Saturday, January 30, 2010

Cutting the Gordian Knot


In 344 B.C., Alexander the Great launched an expedition to the east, and on his way, he dropped by the city of Phrygia. Gordius, the king of Phrygia, was a wide man, and gave Alexander a difficult problem which no one had been able to solve. There was a cart which was tied to one of the palace’s pillars with a piece of rope, and a legend promised if Alexander could undo it, all parts of Asia would be under his control. Nobody could have gotten the knot untied before since it was too intricate, but to everybody’s surprise, Alexander drew his sword and cut the knot with it. After that, as the legend promised him, he went on his expedition and conquered Asia.


Generally, this story is interpreted as it is; you can solve a difficult problem by bold, determined action, and this is the origin of an English expression: cut the Gordian knot. However, the mother of Erich Kastner, a German writer, had a different point of view. In one of Kastner’s essays, he wrote his mother used to say ropes were not to cut, but to use, and if there was a knot on it, you had to work on undoing it with patience. In these words, Kastner found another lesson of the Gordian knot. It might be much quicker and easier to settle a problematic situation if you use your power or even violence. Nevertheless, it is just a contemporary solution, and it does not get rid of the prime cause of the problem.

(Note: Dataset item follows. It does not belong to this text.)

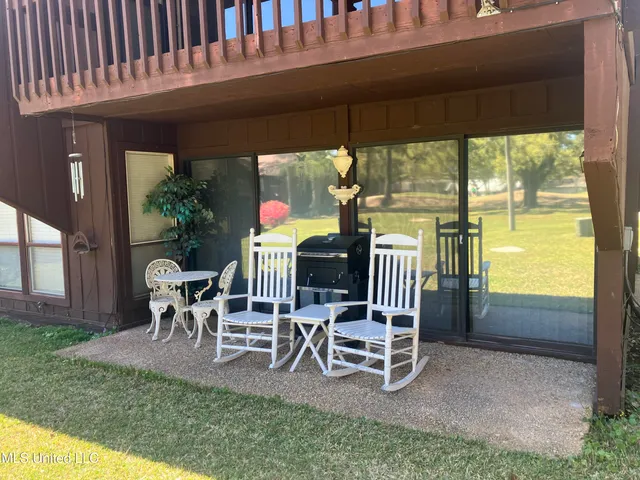 $162,500 | 107 Molokai Villiage, Unit 107, Diamondhead, MS 39525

The daring exploits of Alexander the Great have been told for hundreds of years, but only ten years after he cut the Gordian knot in Phrygia, he passed away, and the kingdom he built up in his bold, determined way simply fell into decline. Destruction cannot be a solution to any problem or conflict. If you cut a knot, what will become of the knot? It still remains, and what’s more, ropes which are cut up can never be connected without another knot. Violence and wars. Revenge and hatred. Come to think of it, many of the problems we have now might have come from Gordian knots we could not, or rather, did not undo.